Two caveats deserve emphasis. First, the weight loss was achieved while taking the medication: the trial's own extension found that, after participants stopped, much of the lost weight returned over the following year — consistent with the view that obesity behaves as a chronic, relapsing condition. Second, averages conceal wide individual variation; some participants lost a great deal, others relatively little. STEP 1 establishes what is possible at the population level, not what any one person should expect. None of this is medical advice — decisions about treatment belong with a qualified clinician who can weigh the benefits against the side-effect profile and the likely need for ongoing therapy.

Practical takeaways

  • STEP 1 was a 68-week randomised controlled trial of 1,961 adults with overweight or obesity, without diabetes.
  • Once-weekly semaglutide 2.4 mg produced a mean weight loss of about 15%, versus about 2% on placebo.
  • Around 86% of the semaglutide group lost at least 5% of body weight, compared with about 32% on placebo.
  • Both arms received diet and activity counselling — the drug was tested as an addition to lifestyle change.
  • Gastrointestinal effects (nausea, diarrhoea) were the most common side effects, usually mild to moderate.
  • A follow-on extension showed much of the lost weight returned after the medication was stopped.
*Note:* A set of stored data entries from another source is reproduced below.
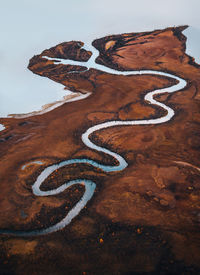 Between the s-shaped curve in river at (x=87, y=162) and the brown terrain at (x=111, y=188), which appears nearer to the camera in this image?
the brown terrain at (x=111, y=188)

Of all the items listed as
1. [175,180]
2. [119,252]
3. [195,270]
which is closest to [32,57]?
[175,180]

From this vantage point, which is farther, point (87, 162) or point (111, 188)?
point (87, 162)

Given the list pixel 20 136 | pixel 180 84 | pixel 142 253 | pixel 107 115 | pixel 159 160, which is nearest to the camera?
pixel 142 253

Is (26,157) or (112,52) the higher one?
(112,52)

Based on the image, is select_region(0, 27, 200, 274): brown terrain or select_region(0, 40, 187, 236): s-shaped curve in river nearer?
select_region(0, 27, 200, 274): brown terrain

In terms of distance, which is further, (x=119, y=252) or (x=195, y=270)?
(x=119, y=252)

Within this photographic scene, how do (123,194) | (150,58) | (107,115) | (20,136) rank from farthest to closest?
(150,58), (107,115), (20,136), (123,194)

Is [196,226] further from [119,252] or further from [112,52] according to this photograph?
[112,52]

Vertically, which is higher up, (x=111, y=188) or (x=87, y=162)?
(x=87, y=162) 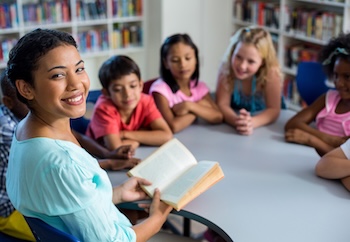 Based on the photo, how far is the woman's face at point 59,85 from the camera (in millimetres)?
1197

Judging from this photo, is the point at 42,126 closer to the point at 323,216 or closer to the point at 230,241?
the point at 230,241

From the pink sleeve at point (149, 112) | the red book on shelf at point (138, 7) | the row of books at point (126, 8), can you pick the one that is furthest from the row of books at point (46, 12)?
the pink sleeve at point (149, 112)

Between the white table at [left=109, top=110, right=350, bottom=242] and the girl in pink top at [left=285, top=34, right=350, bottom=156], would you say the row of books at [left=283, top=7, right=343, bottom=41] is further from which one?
the white table at [left=109, top=110, right=350, bottom=242]

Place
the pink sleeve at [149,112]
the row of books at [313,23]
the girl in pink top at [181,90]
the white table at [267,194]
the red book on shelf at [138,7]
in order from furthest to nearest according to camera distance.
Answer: the red book on shelf at [138,7] → the row of books at [313,23] → the girl in pink top at [181,90] → the pink sleeve at [149,112] → the white table at [267,194]

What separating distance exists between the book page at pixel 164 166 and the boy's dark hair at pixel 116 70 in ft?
1.25

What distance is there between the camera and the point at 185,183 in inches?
62.5

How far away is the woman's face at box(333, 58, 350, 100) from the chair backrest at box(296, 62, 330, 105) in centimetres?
56

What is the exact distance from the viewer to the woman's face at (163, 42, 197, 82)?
88.5 inches

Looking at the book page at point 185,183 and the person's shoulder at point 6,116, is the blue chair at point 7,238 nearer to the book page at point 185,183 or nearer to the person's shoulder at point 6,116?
the person's shoulder at point 6,116

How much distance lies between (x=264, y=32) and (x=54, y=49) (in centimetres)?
138

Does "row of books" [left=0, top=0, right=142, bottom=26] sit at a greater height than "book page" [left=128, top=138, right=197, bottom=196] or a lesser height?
greater

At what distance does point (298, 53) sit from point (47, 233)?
3.57 m

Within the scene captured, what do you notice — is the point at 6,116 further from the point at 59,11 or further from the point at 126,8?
the point at 126,8

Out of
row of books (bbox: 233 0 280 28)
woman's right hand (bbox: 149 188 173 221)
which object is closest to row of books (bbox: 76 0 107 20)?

Frequently Asked Questions

How much weight did people lose on semaglutide in STEP 1?

The semaglutide group lost a mean of about 14.9% of their body weight over 68 weeks, compared with roughly 2.4% in the placebo group — a difference of around 12 percentage points. Around 86% of those on semaglutide lost at least 5% of their starting weight.

Does the weight stay off after stopping semaglutide?

Not for most people, on current evidence. The STEP 1 trial extension followed participants after they stopped the medication and found that much of the lost weight returned over the following year, with related cardiometabolic improvements partly reversing. This is consistent with treating obesity as a chronic condition that tends to require ongoing management.

Was the weight loss in STEP 1 from the drug alone?

Both the semaglutide and placebo groups received lifestyle support — counselling on diet and physical activity — throughout the trial. The medication was tested as an addition to behavioural change, so the headline figures reflect drug plus lifestyle support compared with placebo plus the same support.

Not medical advice. This research summary is for general education. It describes findings from a published study and does not constitute clinical guidance. Treatment decisions require a licensed clinician who knows your full medical history.